I think the issue here is people throw around HSA to mean the health
plan also. But in reality, it's a combination of HDP (high deductible
health plan) + HSA (health savings account). The HSA is under your
name -- the HDP plan covers you and your kids. So the rule would be
the owner of the HDP + HSA cannot be claimed as a dependent. For the
people you cover with this plan and use the HSA to pay the
deductibles, their only requirement is that they are not covered by
another health insurance plan.

> the other part the literature mentions is that the money grows in the HSA like an IRA
> but does one have investment choices on this money? or does that refer to just some
> money market like interest paid on the balance?

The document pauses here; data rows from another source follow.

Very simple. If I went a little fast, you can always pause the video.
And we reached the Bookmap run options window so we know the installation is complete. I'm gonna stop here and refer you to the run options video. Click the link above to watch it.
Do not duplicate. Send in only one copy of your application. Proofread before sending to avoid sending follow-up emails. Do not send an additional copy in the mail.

This is dependent on each HSA administrator. Again, not the health
plan but the people at the bank/mutual fund company that manages the
account. Typically, most HSA administrators will require you to have
about $2000+ or 1 years worth of deductibles before you can transfer
the overage to mutual funds. Some HSA administrators don't have limits
but will charge fees for low money market/savings account balances.
And rare few don't care.

For example, my company is going with Patelco Credit Union. They only
have savings accounts paying 5%+. However, they have no minimum
balance requirement. Since I'm in complete control of the account, I
can at any time transfer any amount I want to Health Saving
Administrators (the company) to buy Vanguard mutual funds. Health
Savings Administrators (the company) is designed to be an add-on
account to your regular HSA account so they don't have any balance
minimums for investments.

> would it also make sense to pre-load a larger contribution to the HSA for the 1st year
> one enrolls and then use that as a "bank" while reducing future years contributions
> slightly ? anything else to consider about HSA rules ?

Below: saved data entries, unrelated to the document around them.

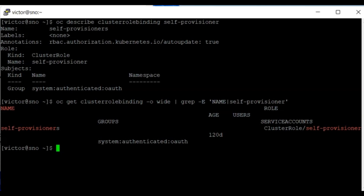Now that we know the group that is bound to this role, we need to unbind the group from this role. We can do that by using the command: oc adm policy remove-cluster-role-from-group. You're doing this as the cluster admin, and that's why you're using the oc adm policy command.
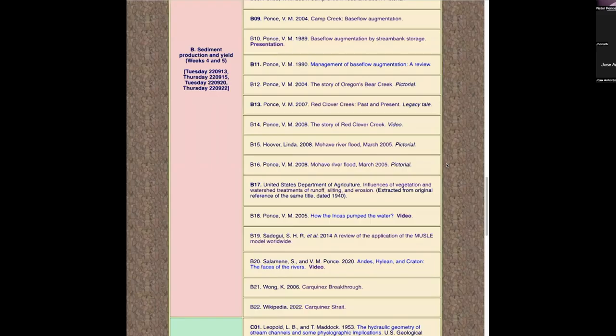Good afternoon. This is CIBE 638, Sedimentation Engineering, class number 052. It's the fifth week, second lecture. The subject today is sediment production and yield, and I intend to cover from B15 to B22. If we don't get there, at least we'll get down to B20.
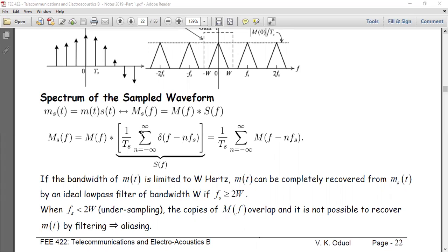If you have a delta stream in time, that corresponds to a delta stream in frequency where you divide by T_s, and where you have T_s in the time domain you have f_s in the frequency domain. Since convolution is a linear operation, you can move the contribution inside, and when you convolve M(f) with the delta function you get a sum of shifted copies of the original spectrum M(f), each weighted by 1/T_s.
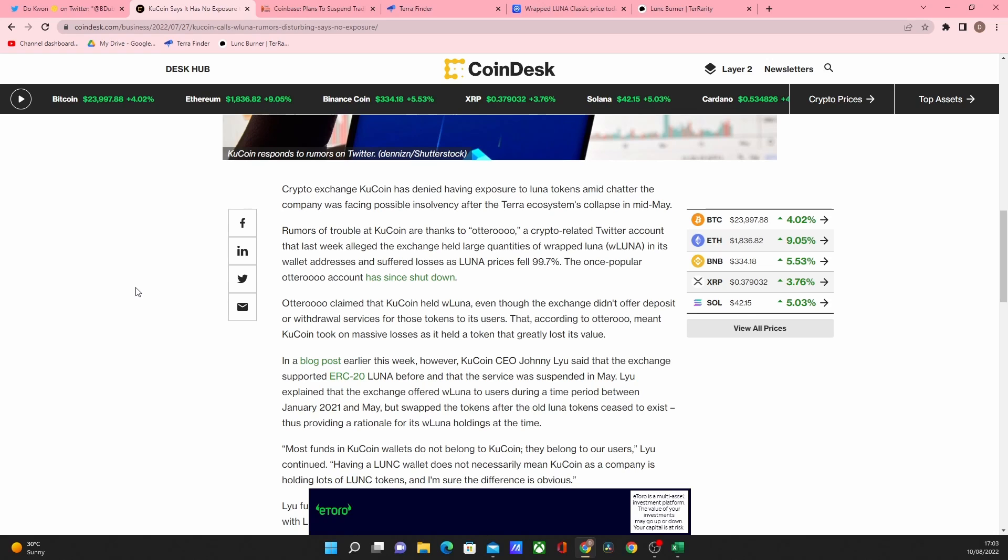But what's going on with it is the crypto exchange KuCoin has denied having any exposure to the Luna token and aimed the chat at different companies' ecosystems. That's quite interesting to be fair. I don't know how they have so little exposure to it but the rumours that KuCoin are in trouble are apparently not true.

Part 1: No, you can pay out of pocket and have until forever to repay
yourself out of HSA contributions. So it terms of paying deductibles,
it doesn't matter if you pre-fund or post-fund.

Part 2: Yes, you want as much tax-free growth as soon as possible.
Change your view of the HSA -- it's a super-IRA so fund it before
anything else. It may very well be even better than a 401K w/ matching
(depending on how much match and the quality of investments). When
spent on medical, it's the only tax vehicle that is free from taxes
both on contribution and withdrawal -- hence you are getting matching
from the federal+state government equal to your combined tax bracket.
Employer matching on funds would make it the ultimate retirement
account. Hence, plan your investments around the HSA and aim for fully
funding the HSA every year.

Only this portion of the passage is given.